Sergiu Celibidache (June 28, 1912 – August 14, 1996) - great Romanian conductor.
Celibidache was born in Roman, Romania. His childhood was spent in the Moldavian town of Iassy, becoming interested in musical composition at an early age. He studied Philosophy and Mathematics at the University of Bucharest. In 1936 he went to Berlin and continued his studies, largely concerning himself with wave mechanics, but also with composition studies at the Berlin Academy of Music (Hochschule für Musik). Two years later he enrolled to study conducting under Walter Gmeindl, and subsequently graduated from the Friedrich Wilhelm University with a dissertation on Josquin des Pres (a 15th-century Flemish composer whose polyphonic works had great influence on 16th-century music). At the same time the young Celibidache became attracted to Zen Buddism, an ancient Chinese (and, later, Japanese) school of thought for guidance in the way of life.
After the end of World War II, Celibidache, fresh from university, was appointed conductor pro tempore of the Berlin Philharmonic Orchestra in 1946, filling in for Wilhelm Fürtwangler (the latter was involved in controversies during the Nazi regime, leading to his withdrawal from the appointment as conductor of the Berlin Philharmonic; his name was later cleared). When Fürtwangler resumed his post in 1948, Celibidache became co-conductor. After having rehearsed and conducted more than 400 concerts with the Berlin Philharmonic, Celibidache looked set to succeed as conductor after Fürtwangler's death; the Orchestra, to his disappointment, chose Herbert von Karajan instead.
1948 saw the debut of Sergiu Celibidache in London. Then he frequently conducted in Italy. From 1959 he was regularly invited by the Stuttgart Radio Orchestra. From 1960 to 1962 he held master courses at the Accademia Musicale Chigiana in Siena; the young conductors were extremely keen to be admitted. In 1962 he became the director of the Stockholm Radio Symphony Orchestra, which he completely rebuilt (until 1971). From 1973 to 1975 he was the primary permanent guest conductor of the French Orchestre National. In 1979 he became the general musical director of the City of Munich and artist director of the Munich Philharmonic Orchestra, which he made one of the best orchestras in the world. In Munich he held master courses in orchestral conducting. He regularly taught at Mainz University in Germany and in 1984 taught at the Curtis Institute in Philadelphia, Pennsylvania. Teaching was a major focus throughout his life and his courses were frequently open to all without fee. Sergiu Celibidache also composed, but he refused to allow any performances of his compositions. Although his severe illness he didn't stop conducting until a few month before his death.
Among the many honours and awards bestowed on Celibidache are the appointment to an Honorary Professorship of the Federal Capital Berlin and the Bavarian Order of Merit. He is also an honorary citizen of his hometown Iassy and a "doctor honoris causa" of the Iassy Academy of Art.
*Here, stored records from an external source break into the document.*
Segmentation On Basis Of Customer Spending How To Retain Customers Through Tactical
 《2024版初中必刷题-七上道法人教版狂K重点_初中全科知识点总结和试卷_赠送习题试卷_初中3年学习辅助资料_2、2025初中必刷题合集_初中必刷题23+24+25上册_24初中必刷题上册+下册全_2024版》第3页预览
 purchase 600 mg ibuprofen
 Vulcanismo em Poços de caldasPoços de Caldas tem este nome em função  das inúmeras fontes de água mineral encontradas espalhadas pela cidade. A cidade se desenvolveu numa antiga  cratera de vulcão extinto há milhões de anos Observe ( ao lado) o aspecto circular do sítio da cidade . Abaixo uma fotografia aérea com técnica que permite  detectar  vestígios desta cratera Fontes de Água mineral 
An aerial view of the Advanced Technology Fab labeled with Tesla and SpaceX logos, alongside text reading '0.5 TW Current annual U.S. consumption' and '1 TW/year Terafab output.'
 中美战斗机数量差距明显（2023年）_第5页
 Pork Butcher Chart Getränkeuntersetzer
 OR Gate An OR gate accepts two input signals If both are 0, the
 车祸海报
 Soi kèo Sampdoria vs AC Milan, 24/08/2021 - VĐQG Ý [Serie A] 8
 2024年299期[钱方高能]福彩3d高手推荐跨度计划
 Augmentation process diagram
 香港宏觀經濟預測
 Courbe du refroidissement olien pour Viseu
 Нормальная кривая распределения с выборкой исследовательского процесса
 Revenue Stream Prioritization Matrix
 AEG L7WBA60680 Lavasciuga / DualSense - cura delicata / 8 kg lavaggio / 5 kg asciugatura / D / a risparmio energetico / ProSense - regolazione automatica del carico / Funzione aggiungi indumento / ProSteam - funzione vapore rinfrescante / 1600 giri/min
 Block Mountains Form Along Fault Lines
On his eightieth birthday he was awarded the Great Cross of Distinction of the Order of Merit of the Federal Republic of Germany and honorary citizenship of the City of Munich. In 1970 he was awarded Denmark's Sonning Award.
Celibidache's approach to music-making is often described in terms of what he did not do instead of what he did. For example, much has been made of Celibidache's "refusal" to make recordings even though almost all of his concert activity actually was recorded with many released posthumously by major labels such as EMI and Deutsche Grammophon with consent of his family. Nevertheless, Celibidache did pay little attention to making these recordings, which he viewed merely as by-products of his orchestral concerts. Celibidache's focus was instead on creating, during each concert, the optimal conditions for a what he called a "transcendent experience". Aspects of Zen Buddhism, such as ichi-go ichi-e, were strongly influential on him. He believed that musical experiences were extremely unlikely to ensue when listening to recorded music, so he eschewed them. As a result, some of his concerts did provide audiences with exceptional and sometimes life-altering experiences, including, for example, a 1984 concert in Carnegie Hall by the Orchestra of the Curtis Institute that New York Times critic John Rockwell touted as the best of his twenty-five years of concert-going.
Eccentric and genial, difficult and stubborn, Sergiu Celibidache was the last of the 'Mad Genius Conductors'.